MASTER> alter table tbl_ drop r;
ERROR 25: Can't create symlink './test/#sql-1aa7_4.MYI' pointing at
'/m/data/4/1/test/#sql-1aa7_4.MYI' (Error 17)

MASTER> alter table tbl_ drop r;
ERROR 25: Can't create symlink './test/#sql-1aa7_4.MYI' pointing at
'/m/data/4/1/test/#sql-1aa7_4.MYI' (Error 17)

This is the same error as you: it's impossible to alter the synonym.

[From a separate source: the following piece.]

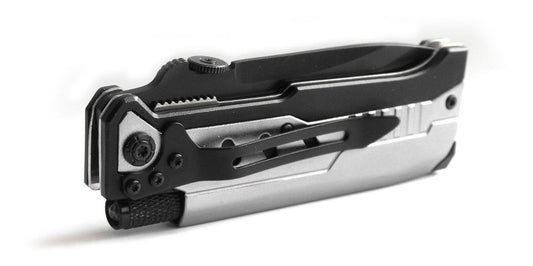 Navaja Cuchillo Multiherramienta Linterna Pedernal Wallis Tactico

What happens is that "ALTER TABLE tbl_ ...":
- Creates temporary files (named #sql*) in the same place as the tbl_
files, which is ./ (which is also /m/data/4/1/test btw). Those temporary
files are the result of the ALTER TABLE (the new frm/MYD/MYI files).
- Notices that the tbl_ files are in fact symlinks to files in
/m/data/4/1/test; so it wants to move the temporary files from ./ to
/m/data/4/1/test (ALTER wants, in some way, to preserve the symbolic
links). As the 2 directories are the same, the move fails.
Note that this error occured often on my system but not always,
depending on which table was accessed first (see below), which could
explain why you got it on slave only (on slave all queries are performed
by one unique thread).

Here is another problem:
MASTER> flush tables;
Query OK, 0 rows affected (0.00 sec)

MASTER> alter table tbl_ add t int;
ERROR 25: Can't create symlink './test/#sql-1aa7_4.MYI' pointing at '/m/data/4/1/test/#sql-1aa7_4.MYI' (Error 17)
MASTER> alter table tbl add t int;
ERROR 25: Can't create symlink './test/#sql-1aa7_4.MYI' pointing at '/m/data/4/1/test/#sql-1aa7_4.MYI' (Error 17)

you see, now even the alter on the real table fails.
This is because in the MySQL table cache, the real and synonym are
considered one same table; as MySQL first opened the synonym, it also
uses the synonym when the real table is invoked ("it's the same table"),
leading to the error for the real table too. If now I empty the table
cache:

MASTER> flush tables;
Query OK, 0 rows affected (0.00 sec)

MASTER> alter table tbl add t int;
Query OK, 4 rows affected (0.00 sec)
Records: 4  Duplicates: 0  Warnings: 0

it works.

So the conclusion is: unfortunately, the symlink support in MySQL was
not designed for "synonyming", as far as DDL (Data Definition Language -
CREATE TABLE / DROP TABLE / ALTER TABLE) commands are concerned. It was
designed with the thought that symlinks are to be used to point to a
*different* directory (another partition where there is more room, or
another device to balance disk load). For DDL commands MySQL always
expects a table to exist only once, i.e. to have only one name. Putting,
in the database directory, a symlink and the real table means giving 2
names to one table...

I will add a note about this into our manual soon. I understand this is
is an inconvenience for you; you will be safe if you always do the DDL
commands (ALTER TABLE, in your case) on the real table. It's ok to do
DML commands (INSERT/DELETE/UPDATE/LOADDATA, which fortunately occur
much more often than ALTER TABLE normally) on both tables indifferently.

Guilhem